● **The task**: Drop every image and restate the entries below word for word.

═════ Data under study ═════

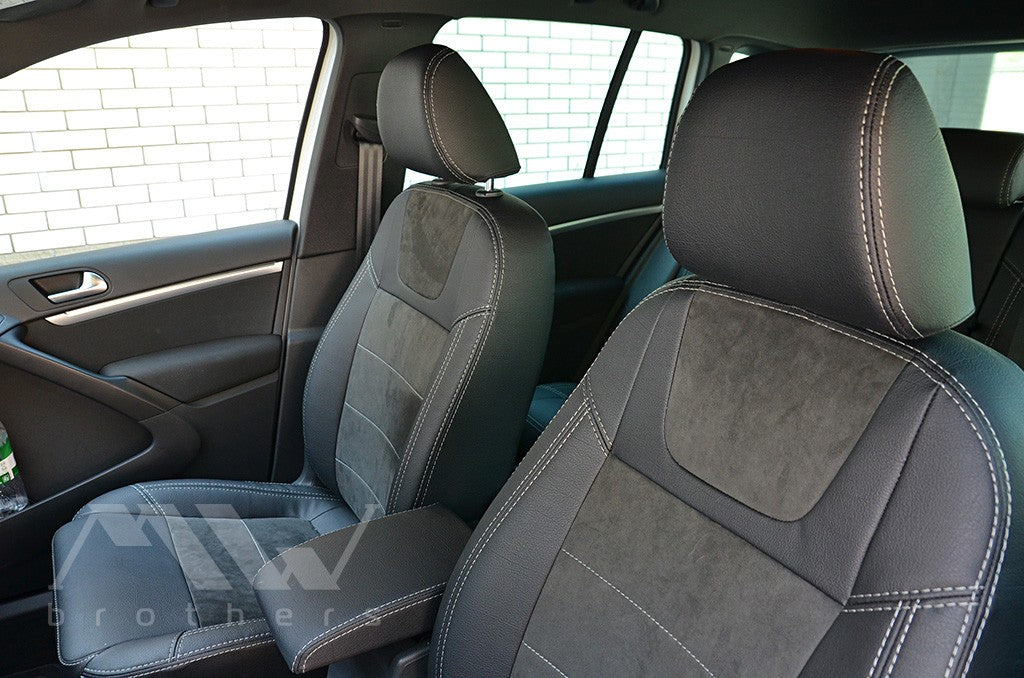 Set coprisedili su misura per Volkswagen Tiguan 1 (2007-2018), Leather Style
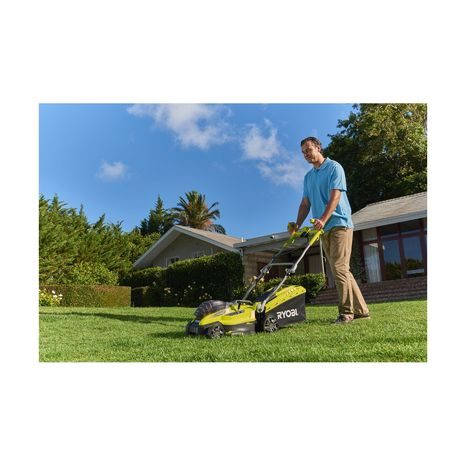 Ryobi RLM18C36H225F - aku hybridní sekačka 18 V + 2x 18V 2,5 Ah baterie + nabíječka ONE+ - 2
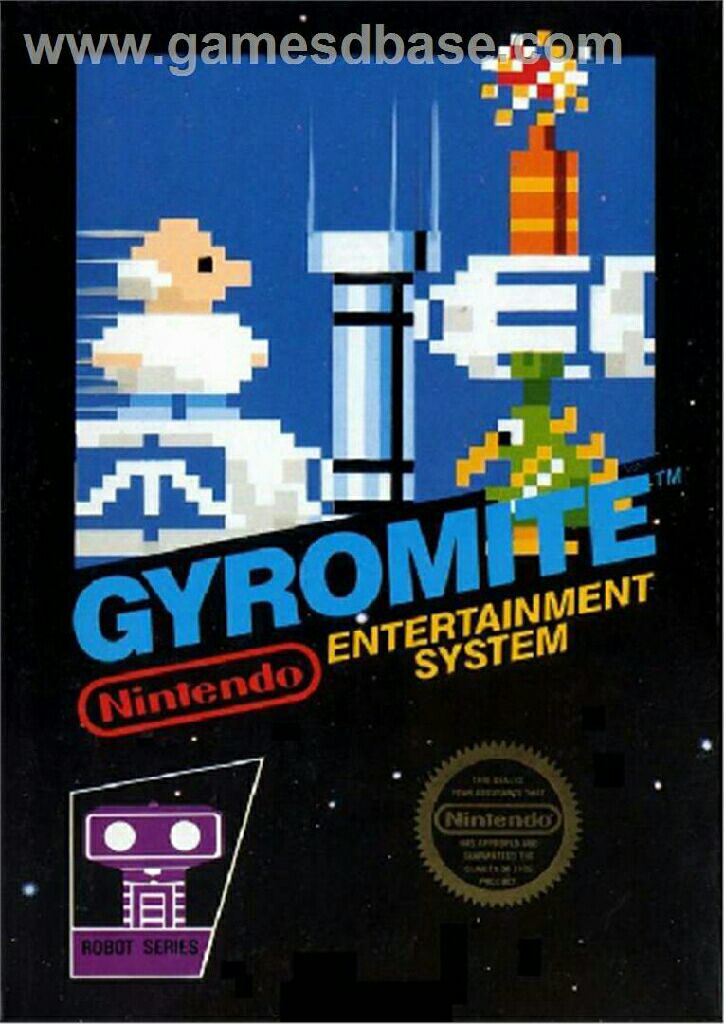 Gyromite - Nintendo Entertainment System (NES) video game collectible - Main Image 1
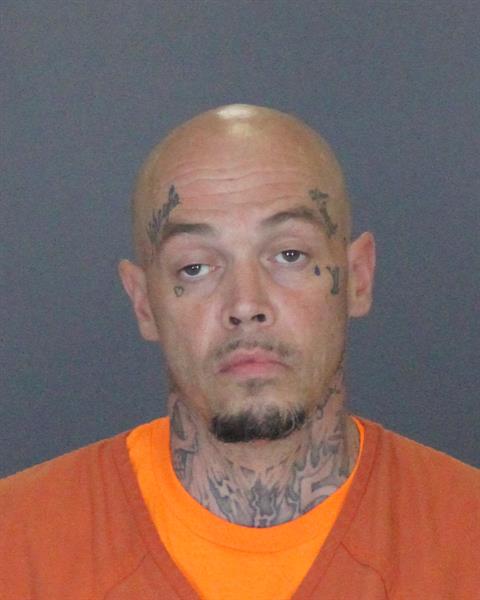 Mugshot of MARK ALLAN II CARYL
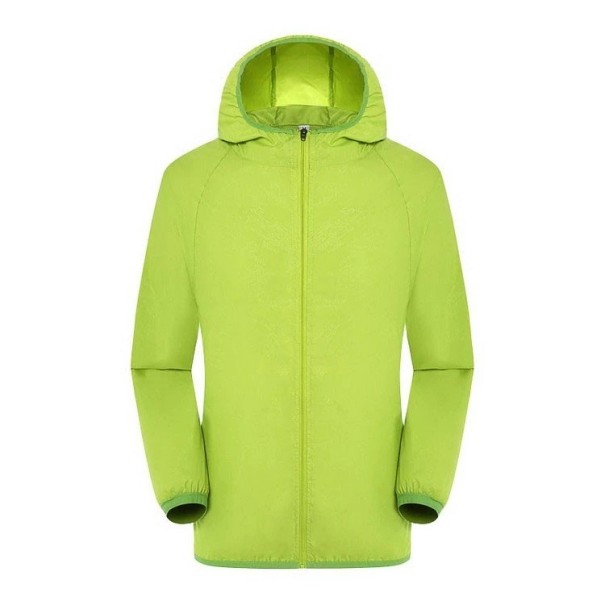 Wasserdichte Damenjacke J3223 grün L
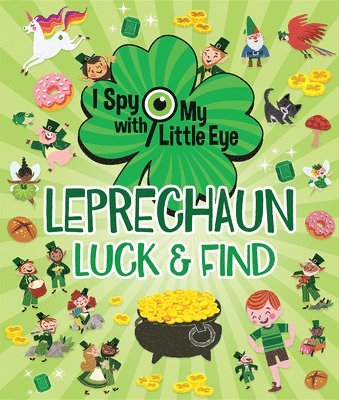 bokomslag Leprechaun Luck & Find (I Spy with My Little Eye)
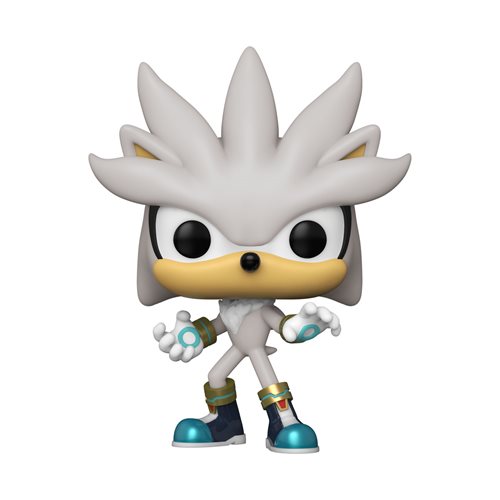 Sonic the Hedgehog 30th Anniversary Silver Pop! Vinyl Figure - Kids & Mom Toys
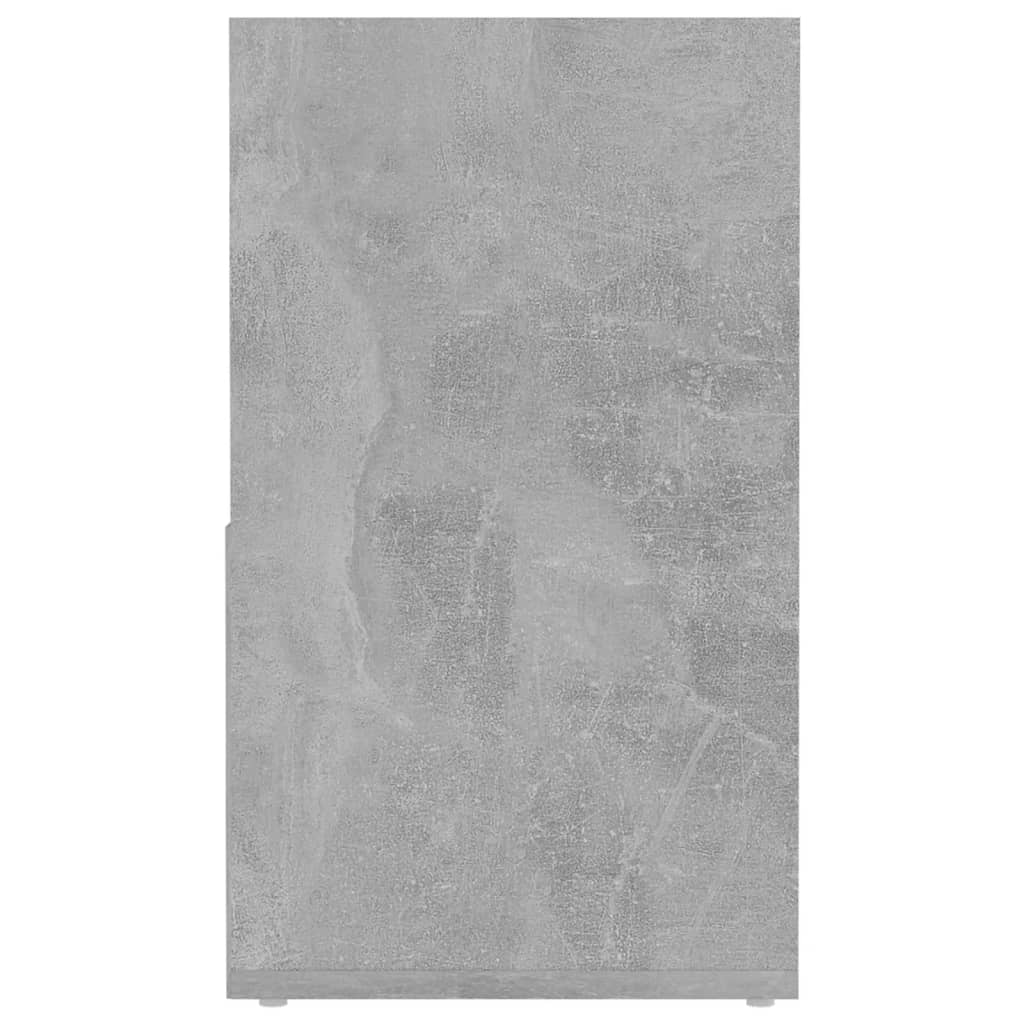 Tv-meubel 149x30x52 cm bewerkt hout betongrijs is nu te koop bij PeponiXL, paradijselijk wonen!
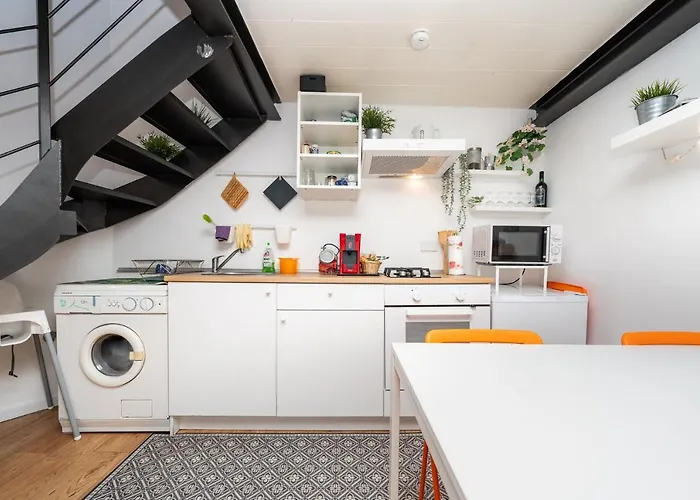 Stagabin Little Loft Near Porta Susa Station And Subway Apartment Turin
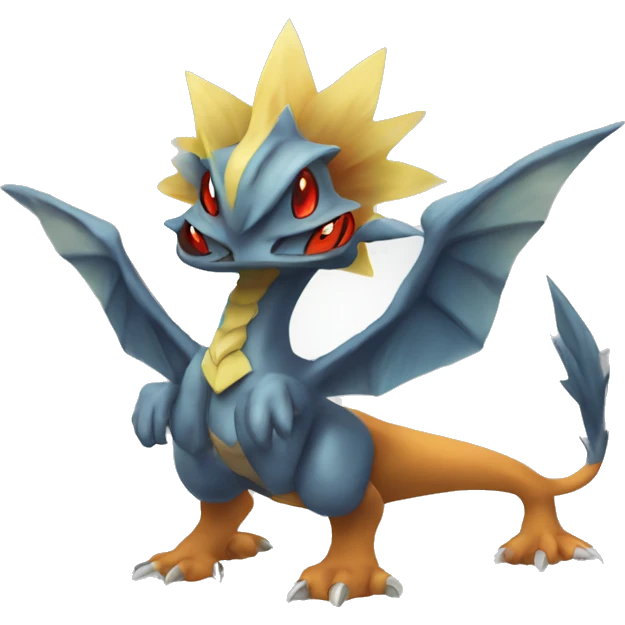 Legendary Godly Edgy Pokémon emoji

═════

● **Reply**:
 Set coprisedili su misura per Volkswagen Tiguan 1 (2007-2018), Leather Style
 Ryobi RLM18C36H225F - aku hybridní sekačka 18 V + 2x 18V 2,5 Ah baterie + nabíječka ONE+ - 2
 Gyromite - Nintendo Entertainment System (NES) video game collectible - Main Image 1
 Mugshot of MARK ALLAN II CARYL
 Wasserdichte Damenjacke J3223 grün L
 bokomslag Leprechaun Luck & Find (I Spy with My Little Eye)
 Sonic the Hedgehog 30th Anniversary Silver Pop! Vinyl Figure - Kids & Mom Toys
 Tv-meubel 149x30x52 cm bewerkt hout betongrijs is nu te koop bij PeponiXL, paradijselijk wonen!
 Stagabin Little Loft Near Porta Susa Station And Subway Apartment Turin
 Legendary Godly Edgy Pokémon emoji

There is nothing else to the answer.